I don’t have answers, mostly only questions – sometimes not even questions. Sometimes, I’m left all to myself, wanting to cover my nakedness with the garb of questions if not explanations.
There is a pain that lives within me. Is it unwelcome? I can’t say that it is. It came to me when I had nothing else and nobody else to myself. It kept me full and alive, when I needed it. Letting it go or even wanting to let it go feels selfish, if not unsafe. What will I do without it? Isn’t it part of my identity, my name, my legacy now? Is it fair to want it gone, now that I have access to a semblance of joy, when it kept me warm in my coldest of nights.

A naysayer may say that it was the pain that brought about the cold nights, but that would be giving into false beliefs right! Right?
I like basking in the bright morning light, but I fear it makes me unfaithful to the dead darkness of the night which has so often cradled me to sleep.
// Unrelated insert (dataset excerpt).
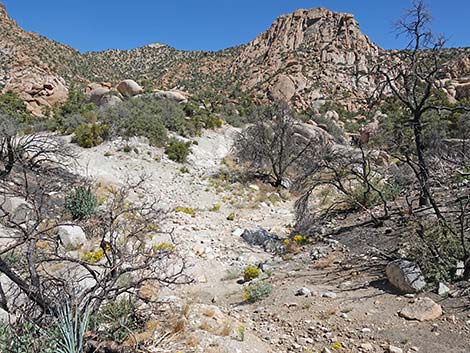 Caruthers Canyon Road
I find soothing the gentle tinkles in the folds of first few sunlight rays descending to humankind, but does it make me steal from what I owe to the whistling of midnight winds which have served my lullaby all too often.
Are there two worlds and can we belong to only one? Or are they not different after all? Is it that darkness is the void in the light, yet light is the void in the darkness? Is it that light and darkness breathe together, but are beings are too thick to fathom so?
Are the ties between light and darkness written in the same language that lets your smiling abundances speak to my silent depths?
Who knows my love? Who can ever tell?
Do we live in this world or does the world draw its breath from us? Am I separate from you and you from me? Are you and I, apart or together notwithstanding, separate from this world?
Do we exist here now, and some day cease to exist, or do we simply flow from the tangible and finite to the intangible and infinite?
Where does it all begin and where, if at all, does it all end?
Maybe its pointless to know or to want to know. Isn’t it enough that you have me and I, have you?
Yet again, who knows my love? Who can ever tell?